L’intestino umano ospita miliardi di batteri che nel loro complesso formano il microbiota intestinale, il cui ruolo cruciale nella digestione è noto da tempo. Ma un numero crescente di evidenze scientifiche sta evidenziando che questi microrganismi influenzano anche il nostro comportamento e persino il nostro cervello. Ora, gli autori di una nuova revisione sistematica mostrano che determinare un cambiamento nella nostra flora intestinale può costituire un metodo efficace per alleviare i sintomi degli stati ansiosi.

I ricercatori della Scuola di Medicina dell’Università Jiao Tong di Shanghai hanno analizzato 21 studi incentrati su interventi per trattare l’ansia attraverso la modulazione dei batteri intestinali. La revisione, che ha coinvolto 1.503 soggetti ed è stata pubblicata sulla rivista General Psychiatry, ha confermato che alcuni approcci sono davvero efficaci.

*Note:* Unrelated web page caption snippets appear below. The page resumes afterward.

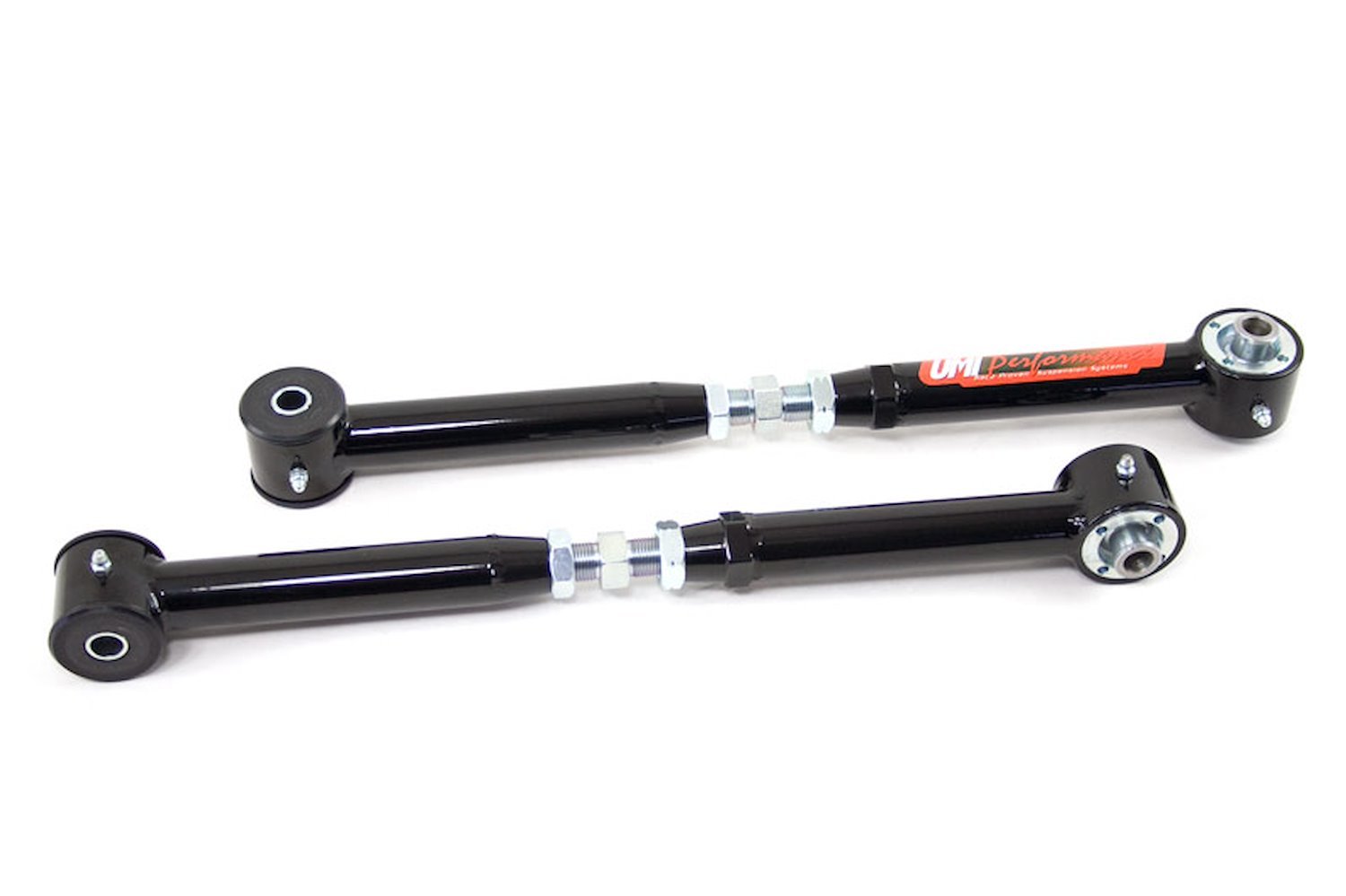 UMI s on car adjustable lower control arms for the 2005 and up Ford Mustang utilize our Roto-Joint t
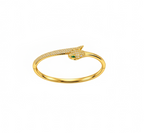 Diamond-Paved Panther Gold Bangle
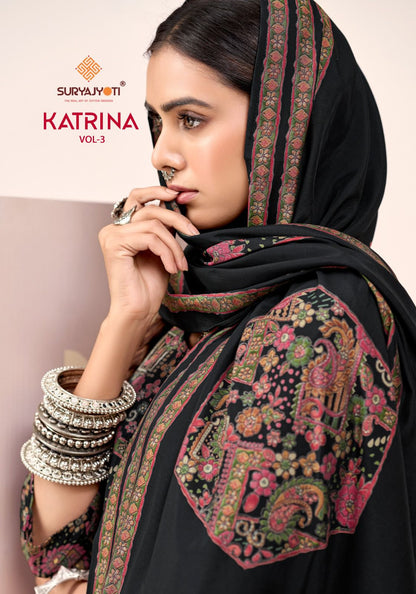 Katrina Vol 3 Suryajyoti Modal Silk Karachi Readymade Suits Supplier Ahmedabad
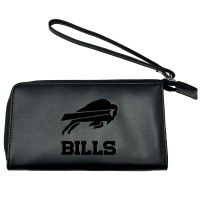 Buffalo Bills Black Cell Phone Wristlet Wallet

Per manipolare i batteri intestinali nei partecipanti, sono stati usati due approcci principali:  in sette degli studi inclusi nell’analisi è stato modificato il regime alimentare dei pazienti, mentre negli altri 14 sono stati somministrati supplementi probiotici. I probiotici, a cui spesso ci si riferisce come “batteri buoni”, si trovano in determinati alimenti e possono aiutare a riequilibrare una flora intestinale impoverita. Degli studi sui probiotici, sette hanno usato un solo tipo di batteri, due ne hanno impiegati due tipi, mentre i rimanenti cinque hanno fatto ricorso a tre o più ceppi batterici.

In tutti gli studi esaminati, i ricercatori cinesi hanno rilevato un effetto positivo; in alcuni casi è stato di entità modesta, ma in undici di loro si è avuto un marcato miglioramento dei sintomi di ansia: cinque attraverso l’approccio probiotico e sei con quello dietetico. La revisione ha anche permesso di migliorare la nostra conoscenza riguardo alla combinazione dei tradizionali farmaci per l’ansia con l’intervento sui batteri intestinali: a questo propósito, gli autori hanno scoperto che i miglioramenti si sono avuti solo affiancando ai farmaci gli interventi dietetici e non con l’assunzione di probiotici.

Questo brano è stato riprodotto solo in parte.